> **Work to complete**
Pictures stay out of the copy. Retype exactly the lines below from the one with "Fot. Cezary Aszkielowicz / Agencja Gazeta" through the one with "219 Denby Street Radford VA 24141".

====== Working data ======

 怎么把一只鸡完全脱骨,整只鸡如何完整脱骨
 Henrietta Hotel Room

======
====== Working data ======

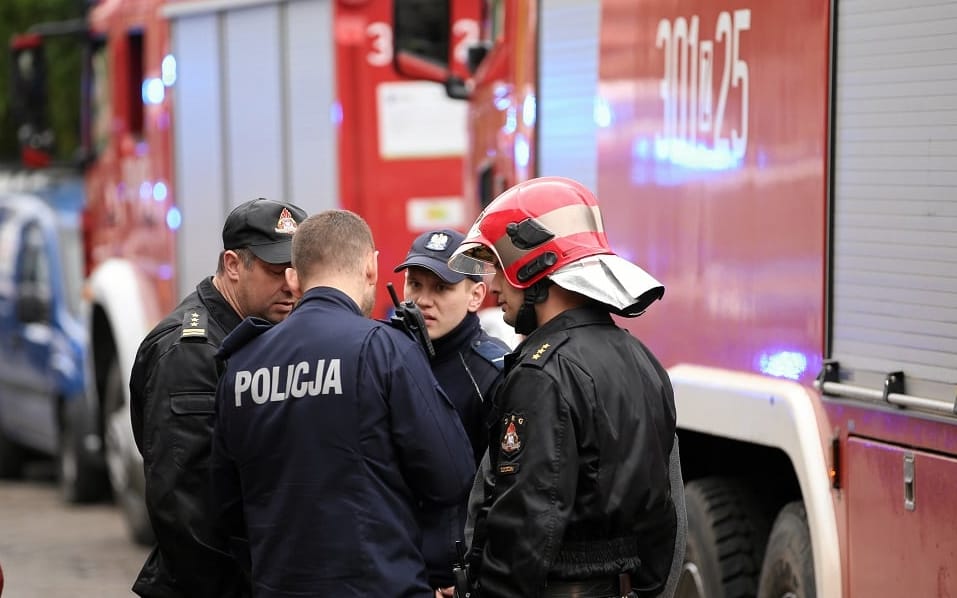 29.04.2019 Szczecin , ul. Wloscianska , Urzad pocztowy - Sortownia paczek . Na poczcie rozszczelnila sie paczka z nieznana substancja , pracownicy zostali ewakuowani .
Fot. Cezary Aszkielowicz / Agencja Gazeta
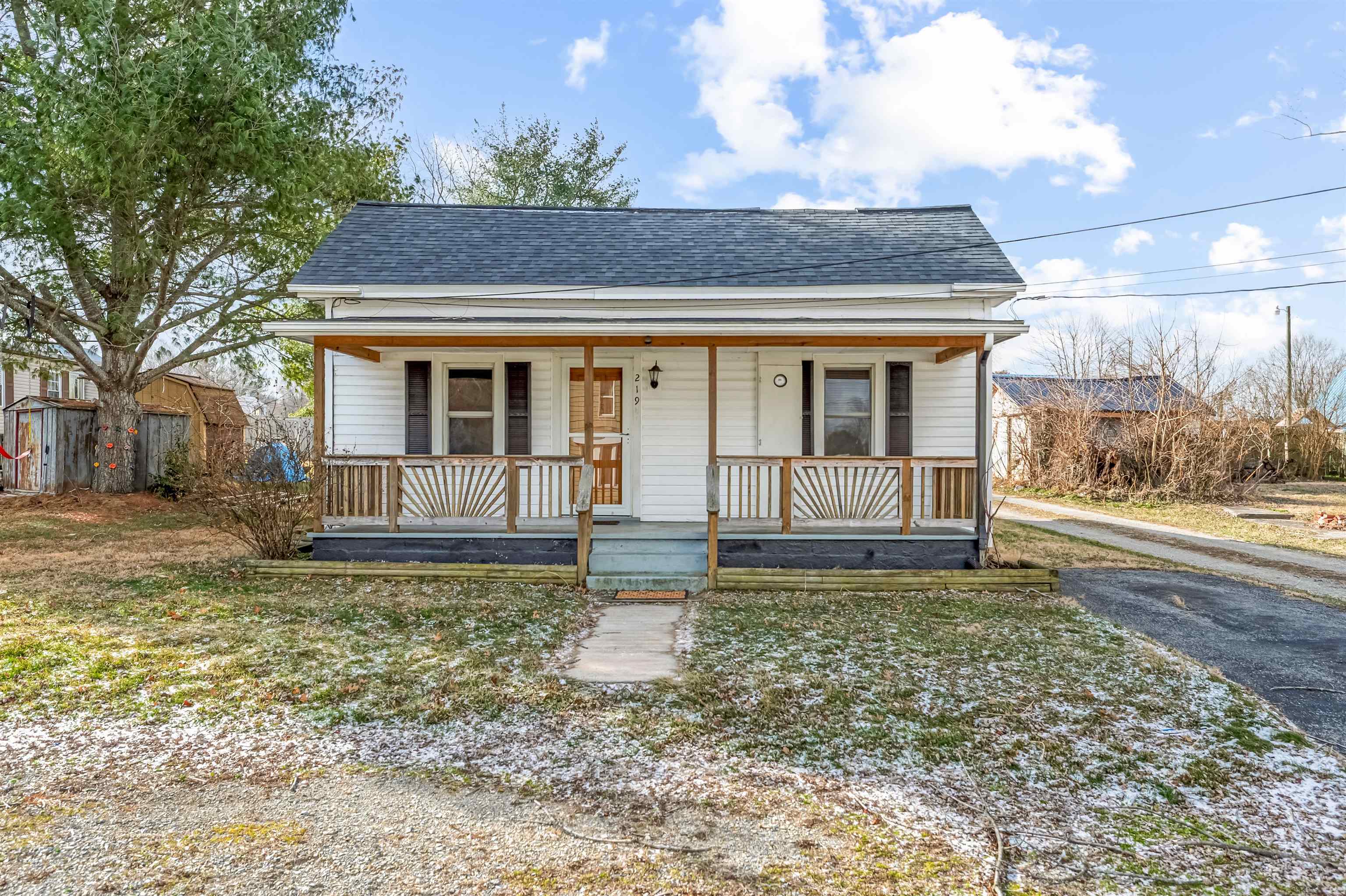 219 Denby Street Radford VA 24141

======

> **Result of the exercise**
Fot. Cezary Aszkielowicz / Agencja Gazeta
 219 Denby Street Radford VA 24141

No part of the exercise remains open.